Glrx I'd also like to solicit your input on the proposed MVP and the wireframes. Thank you. -- NKohli (WMF) (talk) 17:46, 24 August 2018 (UTC)

Readjusting the user interface page isn't a big deal; it can be done after many users comment. In many ways, it depends on user preferences. You might consider scrolling the source/target underneath the picture. That allows a larger picture and can keep the text being translated close to the picture. I might do source/target as two lines rather than side by side. Labels might be single words, but they also may be longer such as "low pass filter". If you are going to display possible translations, there needs to be a lot of space for them.

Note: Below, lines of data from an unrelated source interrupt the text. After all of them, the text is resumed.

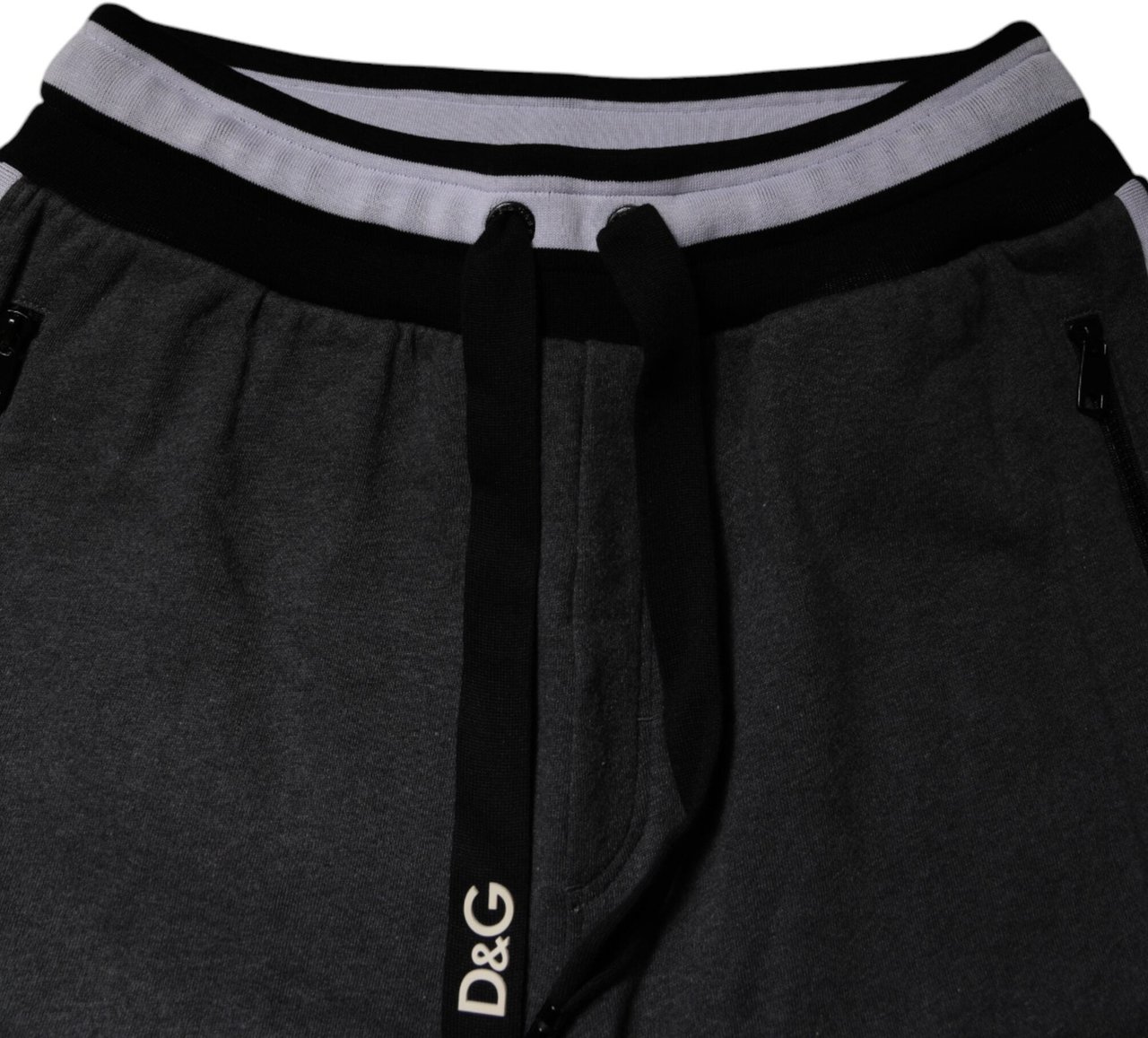 Dolce & Gabbana Black Gray Cotton Layered Men Sweatpants Pants Zwart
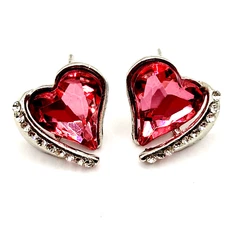 Pink Faceted Glass Heart w Crystal Clear Sparkling Rhinestones Pierced Earrings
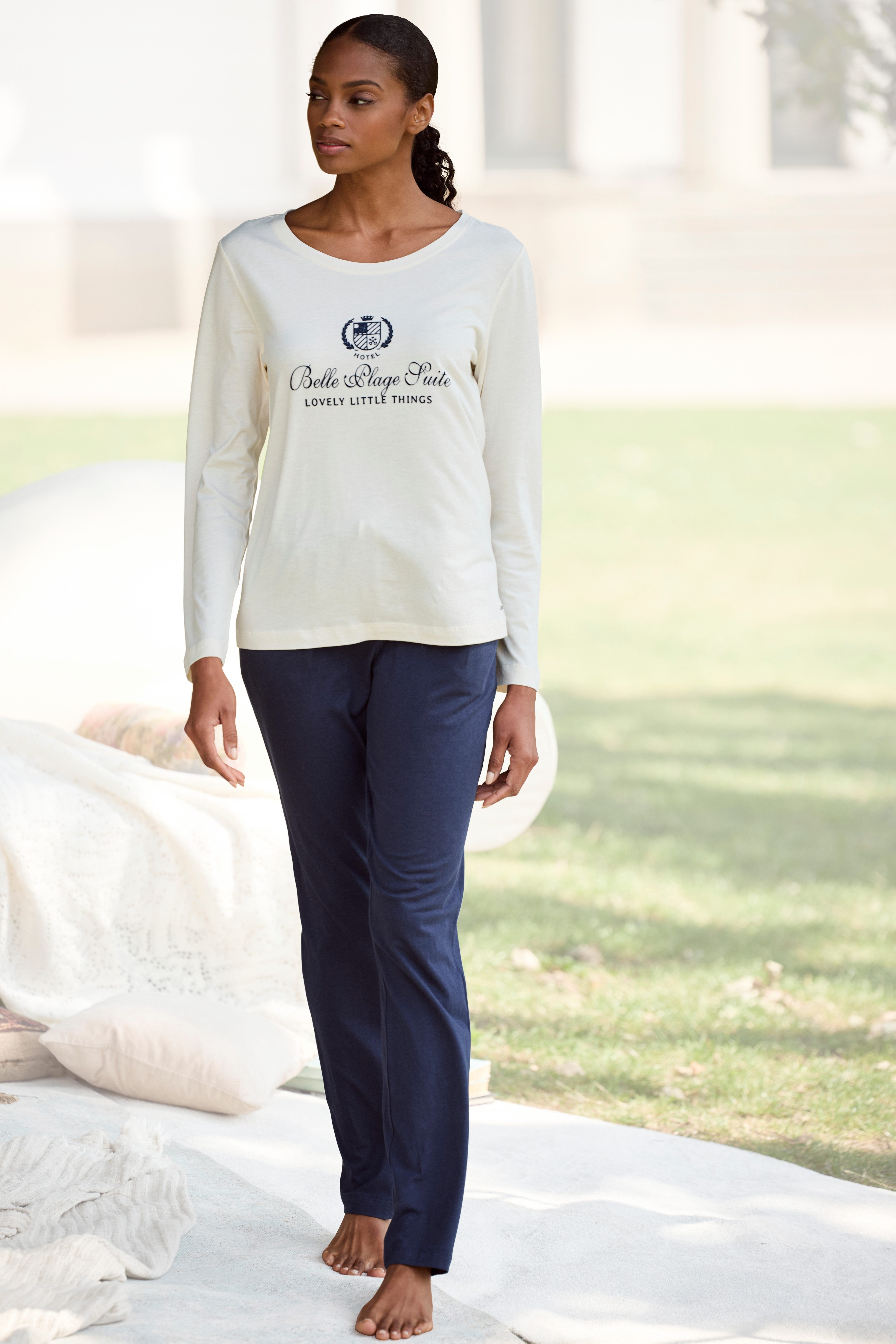 LASCANA Pyjama (2 tlg) mit Flockdruck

A server-side application can discover suitable translation languages from Accept-Languages. A client side application can discover the same information from the browser.
Each translation unit should have a check box to say do-not-translate. Those TUs can be hidden from the user unless she clicks show all TUs. The checkbox might be disabled and the TU grayed if the tools recognizes it is too complicated to translate (e.g., tspan with baseline shifts or font changes). The DNT can be stored in the SVG as its:translate="no" or translate="no".
Glrx (talk) 21:48, 24 August 2018 (UTC)
Regarding the scrolling the source/target labels under the image - that is a good point. Same for language selection. We've been playing with ideas for what's the best way to handle that. I will talk with the project designer about this. About the do-not-translate tag - will this be on a per-language basis or for all languages? Can you give me a couple examples of when a user may not want to translate a label? -- NKohli (WMF) (talk) 22:38, 24 August 2018 (UTC)
See w:International Tag Set.
The its:translate="no" attribute applies to all languages and is inherited in the document tree. It says the text in this portion of the tree does not need to be translated (unless countermanded further down).
An illustration teaching the English language is an example. It might have an English phrase "Good morning" and offer the meaning in another text element that would be translated into de, fr, it, pt, .... The English would never be translated, but its meaning would be.
If an illustration quotes Caesar saying veni, vidi, vici in Latin, then the phrase would not be translated. The same illustration may have labels for Italy and Rubicon that might be translated. The SVG would have something like
<text its:translate:"no">veni, vidi, vici</text>
An illustration of the cipher in Poe's "The Gold Bug" would not be translated; neither would its 1-for-1 plaintext.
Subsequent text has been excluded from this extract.